WORK TASK
Below is a listing; retype exactly the lines between the one containing "We use different" and the one containing "But I thought", inclusive, minus the pictures.
──────── RECORDED INFORMATION
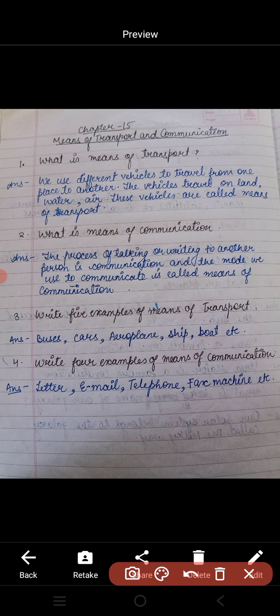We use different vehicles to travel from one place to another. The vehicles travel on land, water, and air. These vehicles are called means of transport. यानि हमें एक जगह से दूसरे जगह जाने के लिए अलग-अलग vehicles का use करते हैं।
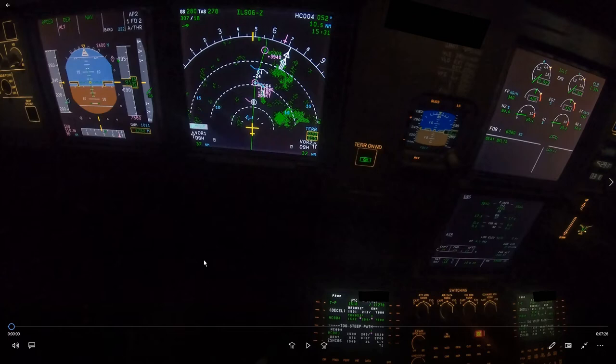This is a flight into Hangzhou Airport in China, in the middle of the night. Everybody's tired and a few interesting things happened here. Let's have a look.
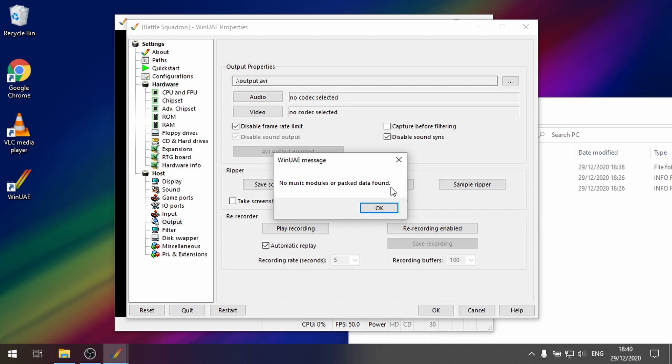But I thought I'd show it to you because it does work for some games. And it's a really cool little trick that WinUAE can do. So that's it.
────────────────
──────── RECORDED INFORMATION
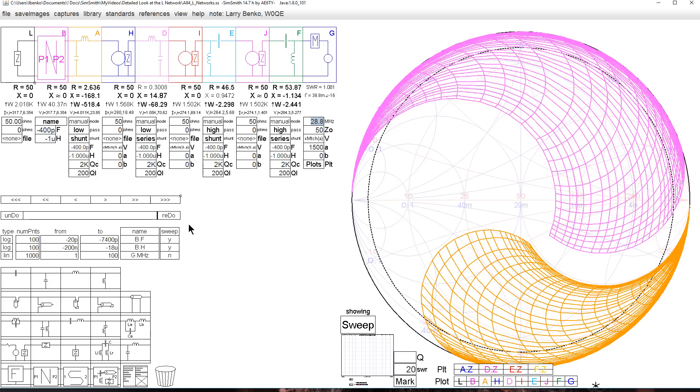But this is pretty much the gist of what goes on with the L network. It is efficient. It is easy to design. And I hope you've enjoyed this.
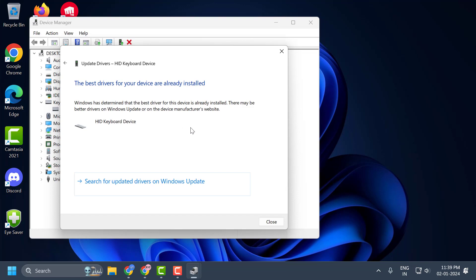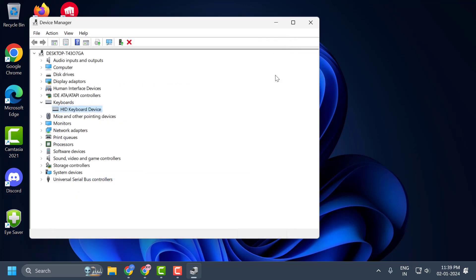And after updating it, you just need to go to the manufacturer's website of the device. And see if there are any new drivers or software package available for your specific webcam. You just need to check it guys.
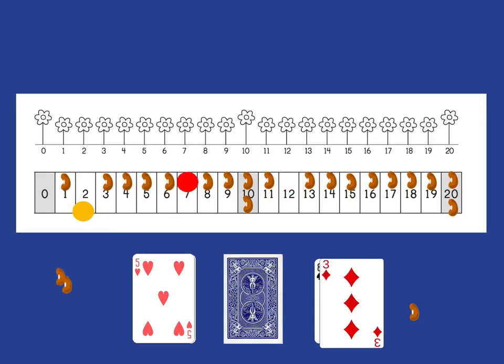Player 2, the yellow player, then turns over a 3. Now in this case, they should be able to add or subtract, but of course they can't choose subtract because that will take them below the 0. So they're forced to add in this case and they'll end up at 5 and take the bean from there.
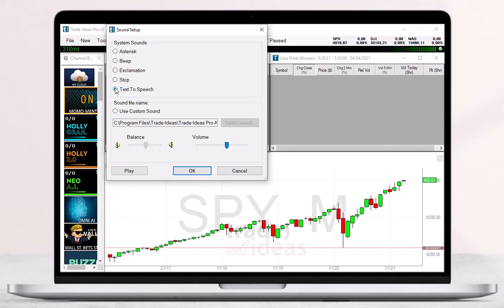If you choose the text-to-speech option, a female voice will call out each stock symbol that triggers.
────────────────
──────── RECORDED INFORMATION
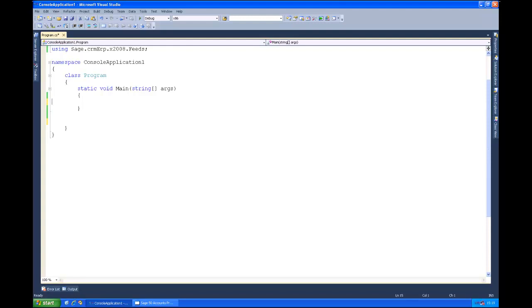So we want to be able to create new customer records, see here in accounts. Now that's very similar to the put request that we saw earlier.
────────────────
WRITTEN ANSWER
We use different vehicles to travel from one place to another. The vehicles travel on land, water, and air. These vehicles are called means of transport. यानि हमें एक जगह से दूसरे जगह जाने के लिए अलग-अलग vehicles का use करते हैं।
This is a flight into Hangzhou Airport in China, in the middle of the night. Everybody's tired and a few interesting things happened here. Let's have a look.
But I thought I'd show it to you because it does work for some games. And it's a really cool little trick that WinUAE can do. So that's it.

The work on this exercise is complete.